It’s no small feat to bring a repertoire staple like Carmen to life in a way that feels fresh and immediate for die-hard opera-goers without short-changing or muddying the waters for newcomers, but Annabel Arden’s new production for The Grange achieves exactly that. There’s little overtly Spanish colour on display, but the hothouse atmosphere of a community on the margins of society where sex and violence are forever bubbling just below the surface is brilliantly realised.

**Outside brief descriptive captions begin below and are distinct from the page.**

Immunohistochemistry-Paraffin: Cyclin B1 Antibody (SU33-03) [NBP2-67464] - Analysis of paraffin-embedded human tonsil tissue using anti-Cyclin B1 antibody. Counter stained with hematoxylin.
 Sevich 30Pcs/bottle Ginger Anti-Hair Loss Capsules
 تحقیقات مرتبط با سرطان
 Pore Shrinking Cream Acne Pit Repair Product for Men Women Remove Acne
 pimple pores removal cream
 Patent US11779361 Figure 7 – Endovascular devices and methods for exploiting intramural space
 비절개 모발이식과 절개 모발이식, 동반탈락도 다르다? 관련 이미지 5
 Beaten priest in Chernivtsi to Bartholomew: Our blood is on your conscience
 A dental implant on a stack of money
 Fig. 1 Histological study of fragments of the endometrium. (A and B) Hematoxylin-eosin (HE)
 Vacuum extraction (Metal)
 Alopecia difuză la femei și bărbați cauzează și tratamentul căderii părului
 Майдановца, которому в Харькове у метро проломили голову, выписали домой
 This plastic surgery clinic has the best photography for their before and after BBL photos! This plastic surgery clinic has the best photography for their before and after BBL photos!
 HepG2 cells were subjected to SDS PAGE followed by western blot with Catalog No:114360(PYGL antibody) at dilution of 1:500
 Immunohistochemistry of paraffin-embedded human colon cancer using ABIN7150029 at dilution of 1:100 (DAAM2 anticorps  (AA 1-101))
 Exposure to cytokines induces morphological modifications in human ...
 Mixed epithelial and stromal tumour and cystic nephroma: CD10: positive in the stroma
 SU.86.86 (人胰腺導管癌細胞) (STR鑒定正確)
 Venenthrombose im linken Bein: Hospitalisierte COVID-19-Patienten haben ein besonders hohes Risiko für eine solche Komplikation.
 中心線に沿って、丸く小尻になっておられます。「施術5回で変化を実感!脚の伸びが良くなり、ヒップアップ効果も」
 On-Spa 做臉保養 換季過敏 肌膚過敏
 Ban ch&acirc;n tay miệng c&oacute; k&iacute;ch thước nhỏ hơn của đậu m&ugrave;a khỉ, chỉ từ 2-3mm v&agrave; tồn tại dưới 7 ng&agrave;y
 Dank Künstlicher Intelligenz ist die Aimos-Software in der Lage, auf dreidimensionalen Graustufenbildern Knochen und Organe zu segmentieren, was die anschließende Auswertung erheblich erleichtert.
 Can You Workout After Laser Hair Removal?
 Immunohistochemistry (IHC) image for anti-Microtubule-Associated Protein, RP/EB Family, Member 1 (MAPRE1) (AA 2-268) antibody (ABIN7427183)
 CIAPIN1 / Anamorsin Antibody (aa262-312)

Arden’s decision to replace much of the dialogue with narration may polarise opinion, and I personally find it rather intrusive and lacking nuance in places, especially when we’re told rather than shown what the characters are feeling and when it interrupts the flow of the music. Rather than plunging straight into the portentous “fate” motif from the fizzing overture, for instance, we pause for some heavy-handed exposition. But Aicha Kossoko and Tonderai Munyevu perform their roles as narrators with flair and conviction, and the moments where they step into the drama and engaged with the characters are often highly effective.
The energy and commitment of the young cast is irresistible, and all four principals come to their roles having seemingly thrown away the rule-book in the best sense of the expression. Resisting the urge to push her tangy lyric voice beyond its comfort-zone, Israeli mezzo Na'ama Goldman sings the heroine entirely on her own terms: her Carmen is all the more compelling for her refusal to play to the gallery, in any sense. Right from her first appearance (emerging almost unobtrusively from the crowd rather than making a grand entrance), the overriding impression is that this Carmen is simply a woman committed to living life to the full rather than an attention-seeking diva; one senses that she’s well-liked and fun to be around, and that her magnetic allure can’t be reduced to sheer sex-appeal (though she has that in spades, drawing lustful glances from several female co-workers as well as their soldier boyfriends in the “Habanera”). She’s also touchingly vulnerable in her infatuation with Jose, which comes across as a real game-changer rather than a mere notch on the bedpost: because aiming to please is evidently out of character for her, her attempted seduction of him in Act Two is shot through with awkwardness instead of coming across as a practised bit of cold hustle, and she clearly regards Micaëla as a credible rival rather than a pushover. Shelley Jackson is indeed a force to be reckoned with in this role, with a big, juicy lyric soprano that conveys wholesomeness and sensuality at the same time. She’s feisty enough to pull a blade on the cat-calling soldiers when she first appears, and her love-duet with Jose has only slightly less sexual charge than his later interactions with Carmen.